Artificial Intelligence March 15, 2026

How NanoClaw went from a macOS sandboxing project to Docker integration

NanoClaw moved fast, even for AI tooling. In about six weeks, Gavriel Cohen’s side project went from a roughly 500-line macOS sandboxing experiment to a Docker integration that gives it a path onto Linux, Windows, CI boxes, and enterprise clusters. T...

How NanoClaw went from a macOS sandboxing project to Docker integration

Docker gives NanoClaw a real shot at making AI agents safe enough to run

NanoClaw moved fast, even for AI tooling.

In about six weeks, Gavriel Cohen’s side project went from a roughly 500-line macOS sandboxing experiment to a Docker integration that gives it a path onto Linux, Windows, CI boxes, and enterprise clusters. That changes its prospects. A clever Mac-only safety layer gets attention. A Docker-backed isolation model has a chance of ending up in real workflows.

The timing tracks. AI agents are being pushed into codebases, internal docs, ticketing systems, chat logs, and CRM records long before most teams have a solid answer to a basic question: what happens when the agent gets too much access? Plenty of companies want the automation. Far fewer want an agent process rummaging through a developer laptop or copying sensitive data into some temp directory.

Cohen says NanoClaw grew out of a bad experience with OpenClaw while he was building an AI-native marketing agency. He’d connected scheduling and chat tools, then found a local file containing all of his WhatsApp messages, including personal conversations, scraped into plain text. He was also looking at a dependency tree he estimated at around 800,000 lines once transitive packages were counted. At that point, trusting the framework on faith starts to look reckless.

So he wrote a much smaller runner built around isolation.

Why Docker matters

NanoClaw’s first version leaned on Apple’s container tech announced at WWDC 2025. Good choice for a fast prototype. It also kept the project stuck on macOS, which is fine for demos and far less useful inside actual engineering organizations.

Docker changes that.

By integrating Docker Sandboxes, NanoClaw gets a security model developers and security teams already know how to inspect, tune, and fight over. That matters. Most security teams already have opinions on seccomp, rootless containers, read-only filesystems, bind mounts, network controls, AppArmor, SELinux, and image provenance. They don't need another proprietary safety story. They need an agent runner that fits systems they already use.

That’s the pitch here. NanoClaw wraps agent actions in short-lived isolated jobs built on standard container machinery. That’s easier to reason about than a large agent platform making broad promises about safety.

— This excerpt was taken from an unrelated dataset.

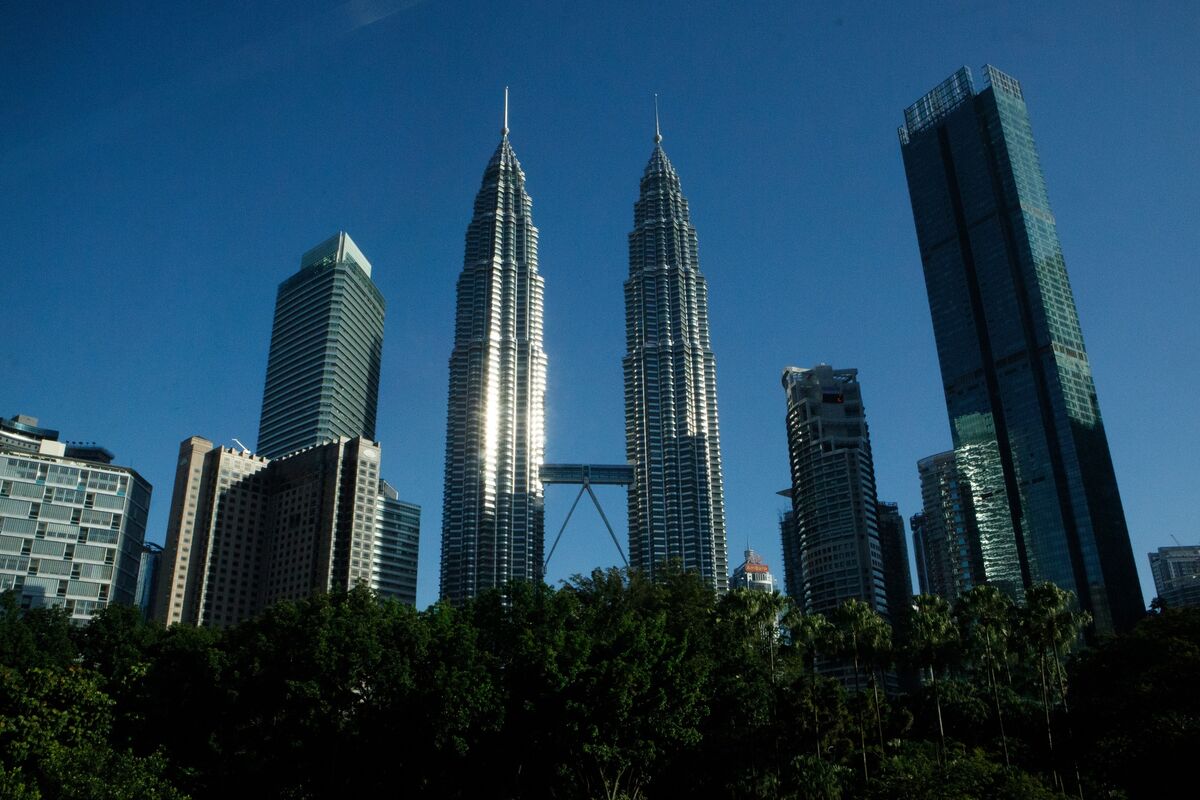 Malaysia’s Petronas Is Hiring Traders To Expand Energy Derivatives ...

The project also caught real momentum. After an initial Hacker News bump, Andrej Karpathy posted about it on X and NanoClaw took off. It reportedly hit 22,000 GitHub stars, 4,600 forks, and more than 50 contributors in a few weeks. Stars don’t prove anything about security. They do say something about demand. A lot of developers want agent tooling that starts from the assumption that the model and its tools are untrusted.

That should have been standard practice from the start.

A narrow technical model

NanoClaw’s core idea is simple enough to hold in your head.

Instead of giving an agent broad host access, each tool invocation runs in its own sandbox with only the files, secrets, and permissions needed for that step. The sandbox starts, does the work, returns the output, and disappears.

That’s a far saner execution model than the usual agent-framework pattern of installing a pile of connectors, granting wide local and network access, and hoping prompt constraints hold.

On Docker, the controls are familiar:

  • process isolation through namespaces
  • CPU, memory, and PID limits through cgroups
  • privilege restrictions with seccomp plus AppArmor or SELinux
  • non-root execution
  • read-only root filesystems
  • narrow bind mounts
  • no network by default, or tightly controlled egress

A secure invocation can look like this:

docker run --rm \
--read-only \
--cap-drop=ALL \
--security-opt=no-new-privileges \
--pids-limit=256 \
--memory=512m --cpus=0.5 \
--network=none \
--tmpfs /tmp:rw,noexec,nosuid,nodev \
--mount type=bind,src=$PWD/tasks/123,dst=/work,ro \
--env FILE_TOKEN=$SHORT_LIVED_TOKEN \
--user 10001:10001 \
ghcr.io/nanoco/agent-tool:v0.3 process --input /work/spec.json

None of that is exotic. That’s why it works.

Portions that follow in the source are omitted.